Battery life is another area where the Canon M3 struggles a bit compared to other mirrorless cameras. Don't expect to shoot more than about 200 photos per charge, which is below average performance. And if you choose to make use of the M3's built-in Wi-Fi or NFC wireless connectivity options, battery life will be poor.


Measuring only 1.75 inches in thickness (before you add the lens, of course), the Canon EOS M3 is even a small model versus other mirrorless ILCs. It's still pretty easy to hold and use comfortably, though, as the camera body has a raised area on the front of the camera that serves as a right-hand grip. Some mirrorless models skip a grip area, which can make them difficult to hold.

Another key design feature for the Canon M3 is its high-quality LCD screen.
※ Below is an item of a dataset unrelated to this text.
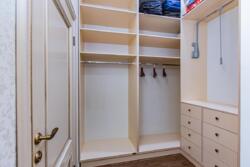 3-��������� �������� � 121 �² � 3/9 ����, ����� ������ 49 ���� 13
You'll receive more than 1 million pixels of resolution with the display screen, making it one of the sharpest LCDs on any digital camera on the market. Additionally, the M3's display screen is a touchscreen, which simplifies the operation of this camera, and is tiltable, which makes it easy to shoot odd angle photos or to use the M3 while it's attached to a tripod.

As a viewfinder is only available as an add-on feature with the M3, having a great LCD screen is very important.

Finally, Canon gave the EOS M3 a full complement of shooting modes, including various automatic and manual control modes. Although this will give you plenty of flexibility in how you want to use the M3, its overall feature list probably isn't quite powerful or extensive enough to appeal to advanced photographers.